Statewide, the jobless rate stood at 5.2 percent in May, declining to 5 percent in June for the fourth consecutive monthly decline.

From where Bennett sits, the news comes as a surprise.

“The anecdotal evidence would be that things are better than last year,” he said. “We’ve had more job orders on the board. Traffic is up slightly.”

But he said he’s also well aware of the slower pace of local construction.

“Construction, while it’s better than last year, is still way off from three years ago when we were breaking records,” Bennett said. “That’s where we’re taking a fairly big hit, and that’s what is probably driving some of those unemployment numbers. If you’re used to bending nails all summer, it’s been weak the past two years.”

Those in the construction business agree they’ve seen an easing in their industry’s once-frenetic pace. TCD Vice President Keith Pitts said his company has been forced to lay off “a few people.”

“Generally, we’ve experienced a slowdown,” he said. “The economy has taken a downturn.

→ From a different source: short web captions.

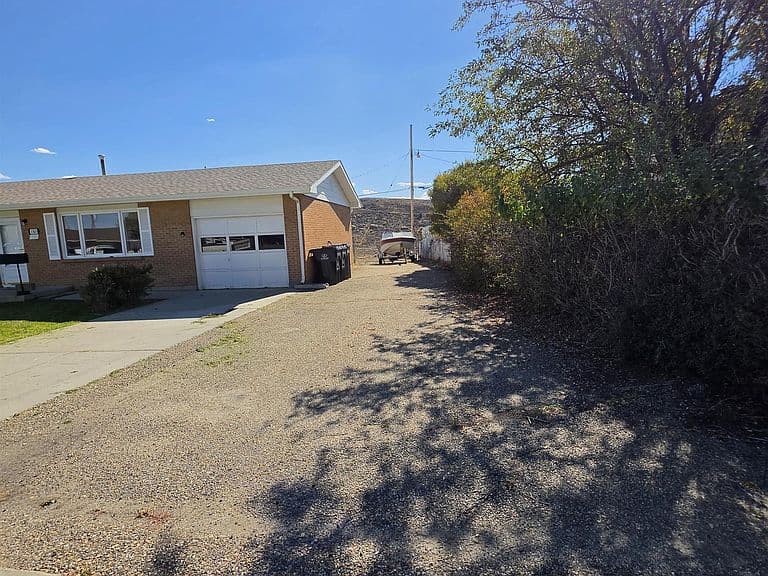 1563 Frontier Dr photo 5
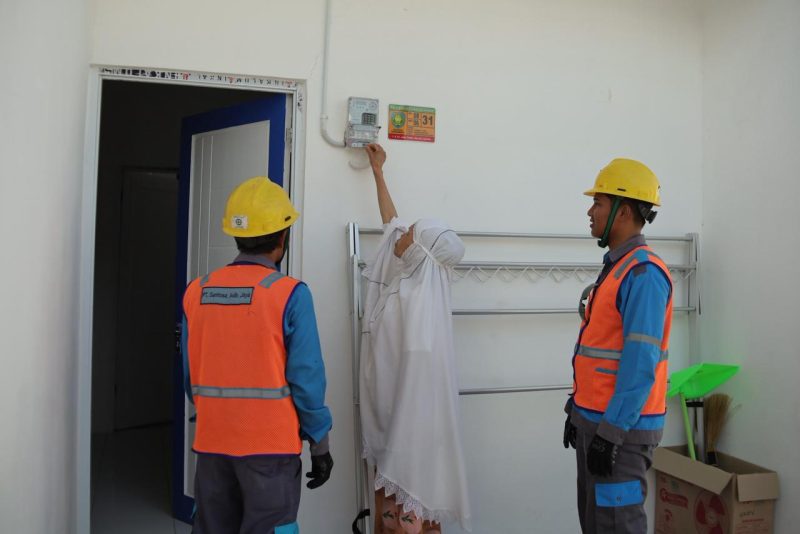 Salah satu penerima manfaat penyambungan listrik gratis program TJSL PLN di Kampung Nelayan Sejahtera, Desa Eretan Kulon, Indramayu, Jawa Barat, Maleha saat menyalakan listrik di rumahnya untuk pertama kalinya.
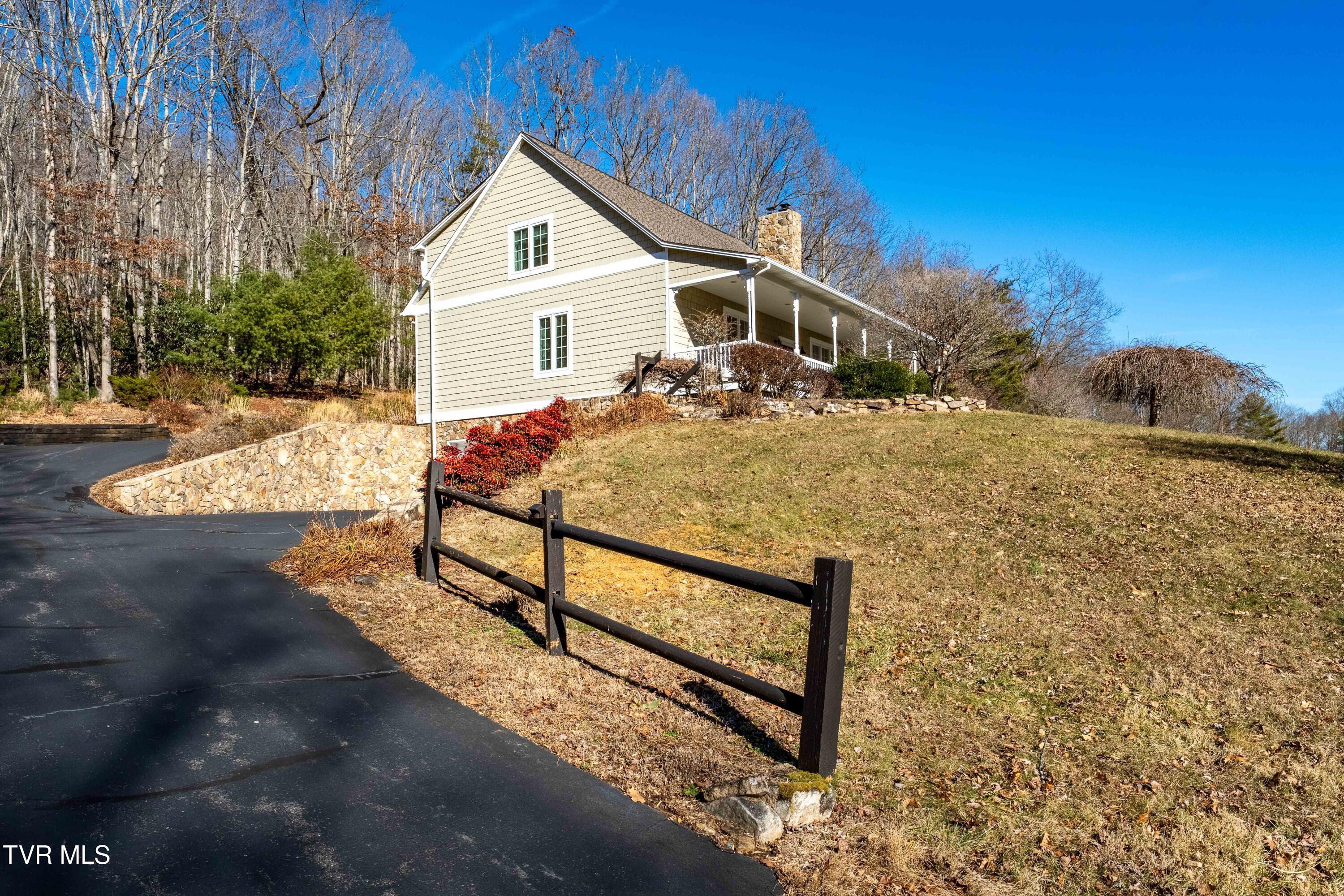 718 Copperhead Hollow Road Mountain City, TN 37683 - Photo 17 of 103 718 Copperhead Hollow Road (31 of 111)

We’ve seen a slowdown in the project development stage, and it’s starting to trickle down to the construction itself.”

The construction decline was overdue, Bennett said, and it shouldn’t be cause for too much worry.

“The economy is always cyclical,” he said. “From the construction/real estate side of things, we were riding a boom that started in late ’87 and had never turned down. Normally, that’s about a 7-year cycle, so we actually rode a double cycle without a downturn.

“It will come back. We were going to be built out eventually anyway, and the fact we had a slowdown now was earlier than people expected. I think it will be built back up, but eventually, that’s not going to be the sector of our economy that drives us. The tourism industry and retail will be.”

TCD’s Pitts said he already sees signs that the construction industry “is picking up a bit.”

“The stock market is still plummeting and it’s all kind of tied together,” he admitted. “But hopefully projects that have been delayed or shelved will pick back up in the next six months so we’re looking at an improvement next year.”